On 15 November 2016, the Luxembourg Parliament adopted the Law on certain rules governing actions for damages for competition law infringements and amending the amended Law of 23 October 2011 on competition (“Law”). It implements Directive 2014/104/EU of 26 November 2014 on antitrust damages actions (“Directive”).
The Law reflects the objectives of the Directive: improving the effectiveness of private enforcement as to infringements of European Union and national competition law and fine-tuning the interplay between private damages actions and public enforcement by the European Commission and national competition authorities.
On the one hand, the Law facilitates actions for damages through the introduction of certain specific procedural rules.

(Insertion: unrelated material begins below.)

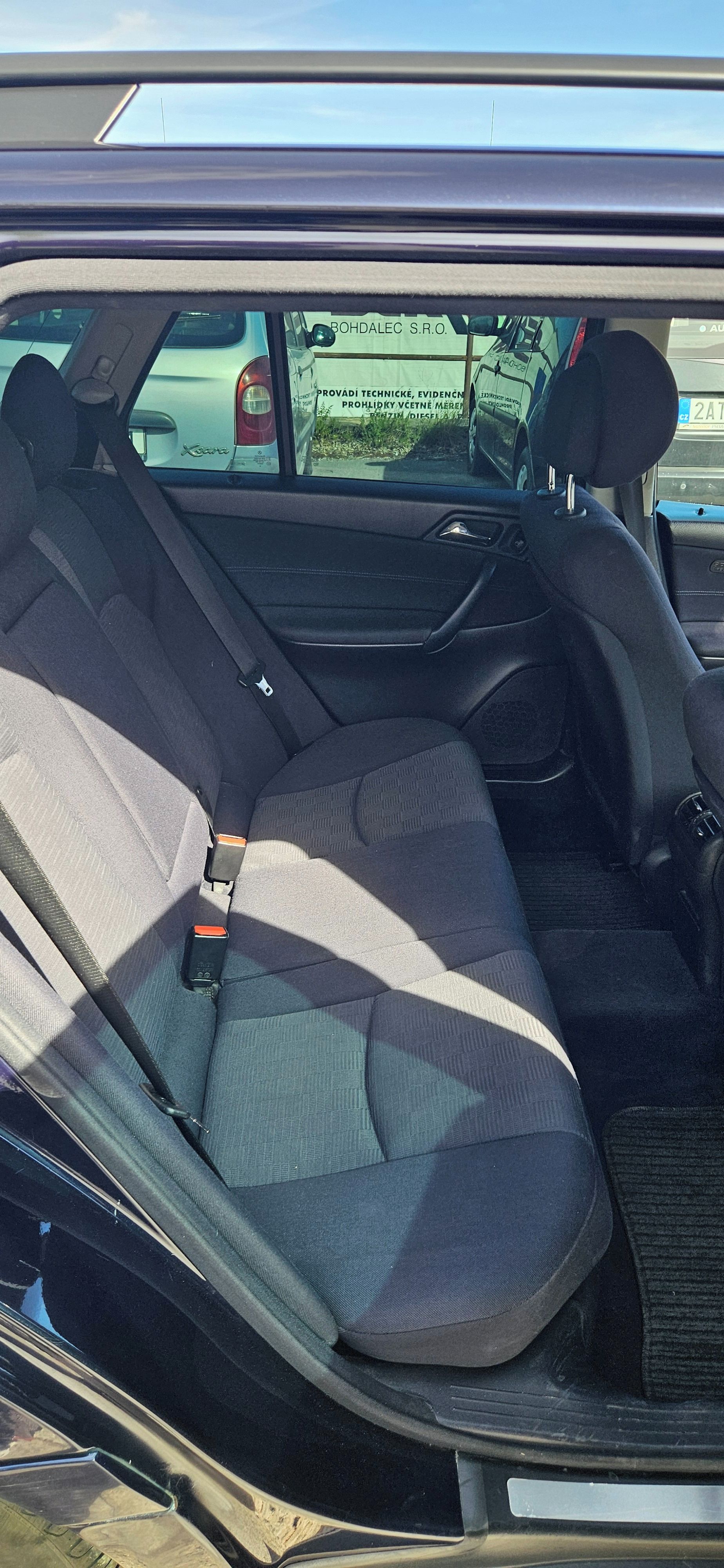 Mercedes-Benz Třídy C, 200cdi velmi dobrý stav - fotka 6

First, their exercise is simplified by a set of presumptions with respect to the existence of an infringement of competition law and its effects:
- an irrebuttable presumption of its existence in the event of an infringement of competition law found by a final decision of the Competition Council;
- evidence of the fact that such an infringement has occurred when it is established by a final decision of a competition authority of another Member State;
- a rebuttable presumption that cartel infringements cause harm; and
- a rebuttable presumption for the indirect purchaser who introduces an action for damages that the overcharge resulting from a competition law infringement has been passed on to him, the defendant having for his part, however, the possibility to invoke as a defence, in an action for damages introduced by a direct purchaser, that the latter passed on such an overcharge to a lower level of the distribution chain.
Second, access to evidence, essential for competition law-based claims, is facilitated through certain disclosure rules. Upon request of the claimant, a judge may, under certain conditions relating to the proportionality of such a request, order the disclosure of information, including with respect to evidence in the file of a competition authority. However, considering their importance for the public enforcement of competition law, statements made by companies for the purpose of a leniency application and settlement submissions are protected: they cannot be subject to a disclosure order and evidence related to them obtained solely through access to the file of a competition authority is inadmissible. Other evidence, including that established by a competition authority and sent to the parties in the course of proceedings, cannot be disclosed until that authority has closed its proceedings. In any event, the production of confidential evidence ordered by a judge is subject to certain protective measures.
Third, with the exception of certain specific rules applicable to small and medium-sized undertakings and immunity recipients, joint and several liability of undertakings which have infringed competition law through joint behaviour allows the injured party to require full compensation from any of them until it has been fully compensated.
Fourth, whereas the Directive imposes on Member States to ensure that limitation periods for bringing actions for damages are of at least five years, the Law refers in this respect to Luxembourgish general procedural law principles, which provide for a ten-year limitation period for commercial claims.
On the other hand, the Law encourages consensual dispute resolution. In accordance with the Directive, it provides for the suspension of the limitation period to bring an action for damages for the duration of the consensual dispute resolution process and the suspension of the proceedings relating to the action for damages during a maximum period of two years. In addition, certain rules govern the exercise of the remaining claim of the settling injured party.
Lastly, it is worth noting that the Law does not enact provisions relating to collective redress despite a Commission Recommendation of 11 June 2013 on collective redress inviting Member States to introduce mechanisms allowing for collective damages actions.